[Opening GIVEN ENTRIES section]
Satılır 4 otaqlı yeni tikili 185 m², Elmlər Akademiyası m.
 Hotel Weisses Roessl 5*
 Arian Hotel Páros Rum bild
[Closing GIVEN ENTRIES section]
[Opening GIVEN ENTRIES section]
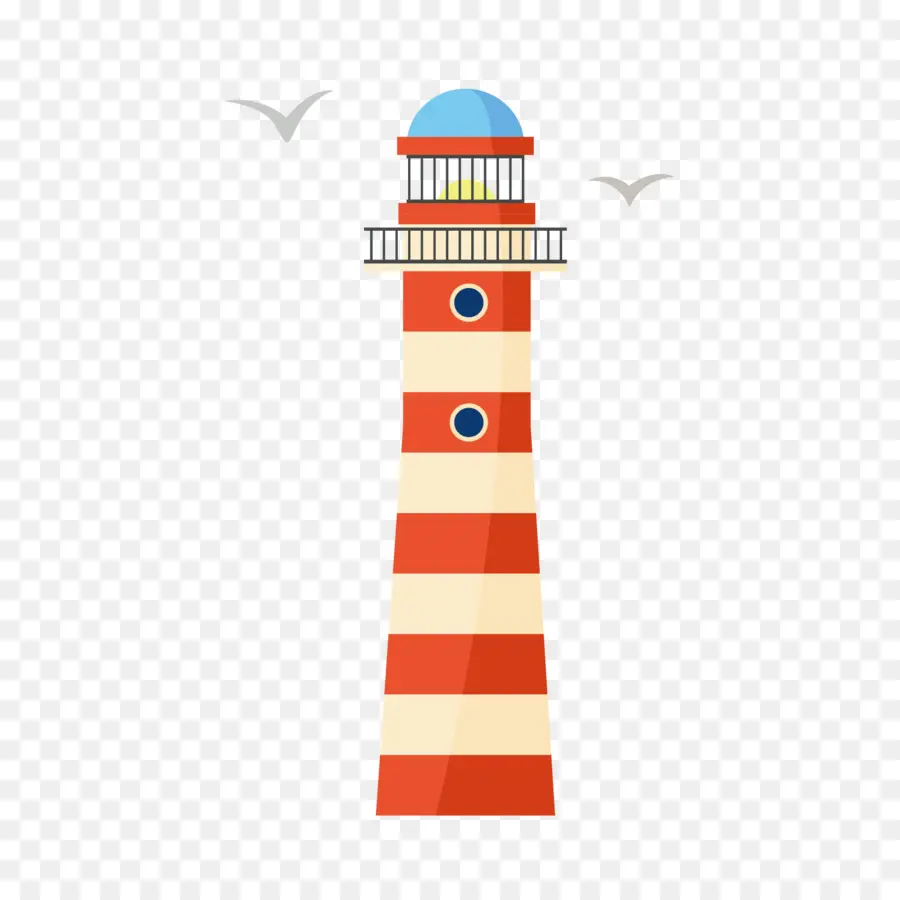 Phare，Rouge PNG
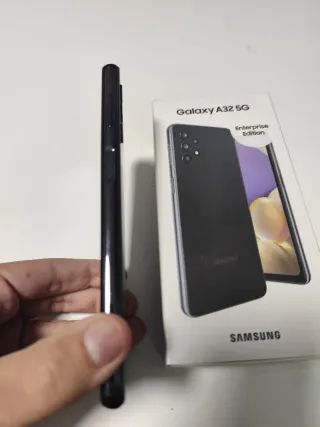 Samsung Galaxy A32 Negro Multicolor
[Closing GIVEN ENTRIES section]
- **ABOUT THIS EXERCISE**:
Go through the material above and output exactly the lines from the one containing "Satılır 4 otaqlı" through the one containing "Arian Hotel Páros Rum bild".

- **TASK RESPONSE**:
Satılır 4 otaqlı yeni tikili 185 m², Elmlər Akademiyası m.
 Hotel Weisses Roessl 5*
 Arian Hotel Páros Rum bild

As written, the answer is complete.